_DIRECTIONS FOR THIS TASK_: Count, please, the lines in the listing below that contain "Long", and reply with the count only.
════════════════
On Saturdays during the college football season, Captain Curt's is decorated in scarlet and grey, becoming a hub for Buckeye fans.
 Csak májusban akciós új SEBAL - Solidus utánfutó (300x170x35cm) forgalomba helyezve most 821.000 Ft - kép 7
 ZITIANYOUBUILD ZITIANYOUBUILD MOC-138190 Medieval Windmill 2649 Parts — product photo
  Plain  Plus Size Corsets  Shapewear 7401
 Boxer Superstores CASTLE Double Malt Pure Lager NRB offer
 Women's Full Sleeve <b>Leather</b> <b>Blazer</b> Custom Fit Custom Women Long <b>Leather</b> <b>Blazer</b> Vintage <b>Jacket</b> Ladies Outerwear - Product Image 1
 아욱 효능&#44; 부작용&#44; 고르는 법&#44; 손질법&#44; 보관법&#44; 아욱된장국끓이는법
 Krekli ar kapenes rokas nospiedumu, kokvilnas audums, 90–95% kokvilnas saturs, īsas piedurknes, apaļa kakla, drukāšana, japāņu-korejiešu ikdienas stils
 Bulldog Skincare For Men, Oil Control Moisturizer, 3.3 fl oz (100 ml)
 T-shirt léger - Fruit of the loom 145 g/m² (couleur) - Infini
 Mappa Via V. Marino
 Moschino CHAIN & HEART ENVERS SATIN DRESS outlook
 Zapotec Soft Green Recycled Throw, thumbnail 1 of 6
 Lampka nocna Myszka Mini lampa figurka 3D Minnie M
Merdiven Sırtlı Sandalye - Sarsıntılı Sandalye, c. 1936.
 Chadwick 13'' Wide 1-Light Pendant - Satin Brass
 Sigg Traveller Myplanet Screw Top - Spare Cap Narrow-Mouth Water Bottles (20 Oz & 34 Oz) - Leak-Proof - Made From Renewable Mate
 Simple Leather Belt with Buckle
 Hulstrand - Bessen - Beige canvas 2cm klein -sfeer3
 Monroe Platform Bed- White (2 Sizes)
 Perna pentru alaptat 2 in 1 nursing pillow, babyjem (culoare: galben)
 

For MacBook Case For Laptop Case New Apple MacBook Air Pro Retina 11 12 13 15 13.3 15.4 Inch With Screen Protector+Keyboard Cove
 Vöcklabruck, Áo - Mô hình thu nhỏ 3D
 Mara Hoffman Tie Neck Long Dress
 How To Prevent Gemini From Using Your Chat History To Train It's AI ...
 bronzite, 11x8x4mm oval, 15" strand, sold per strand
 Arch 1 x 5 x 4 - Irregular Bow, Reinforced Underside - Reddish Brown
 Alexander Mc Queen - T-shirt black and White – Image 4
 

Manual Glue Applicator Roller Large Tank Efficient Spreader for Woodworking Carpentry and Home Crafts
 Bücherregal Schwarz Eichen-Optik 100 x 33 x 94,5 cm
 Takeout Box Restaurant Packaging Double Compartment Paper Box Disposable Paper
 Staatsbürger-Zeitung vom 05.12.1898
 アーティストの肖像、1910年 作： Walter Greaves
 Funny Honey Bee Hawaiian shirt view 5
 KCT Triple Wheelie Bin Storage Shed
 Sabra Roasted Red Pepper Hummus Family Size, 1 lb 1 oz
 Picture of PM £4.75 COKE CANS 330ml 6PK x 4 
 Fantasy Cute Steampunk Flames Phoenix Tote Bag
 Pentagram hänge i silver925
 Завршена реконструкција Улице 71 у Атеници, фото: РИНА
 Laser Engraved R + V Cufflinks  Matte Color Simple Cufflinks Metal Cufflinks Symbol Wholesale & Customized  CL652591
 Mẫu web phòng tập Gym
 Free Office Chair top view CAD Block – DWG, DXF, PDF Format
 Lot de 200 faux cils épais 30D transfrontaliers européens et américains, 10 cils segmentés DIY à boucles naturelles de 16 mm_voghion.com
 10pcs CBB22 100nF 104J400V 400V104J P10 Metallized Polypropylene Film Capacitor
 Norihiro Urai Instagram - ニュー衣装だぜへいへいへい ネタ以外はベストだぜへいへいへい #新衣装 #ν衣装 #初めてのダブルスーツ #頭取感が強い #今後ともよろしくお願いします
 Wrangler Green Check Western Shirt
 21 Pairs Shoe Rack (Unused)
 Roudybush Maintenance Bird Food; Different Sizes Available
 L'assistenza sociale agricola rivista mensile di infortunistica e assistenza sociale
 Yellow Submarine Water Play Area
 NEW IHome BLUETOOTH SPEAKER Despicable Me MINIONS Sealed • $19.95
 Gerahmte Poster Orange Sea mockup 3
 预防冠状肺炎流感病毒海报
════════════════
_EXPECTED ANSWER_: 2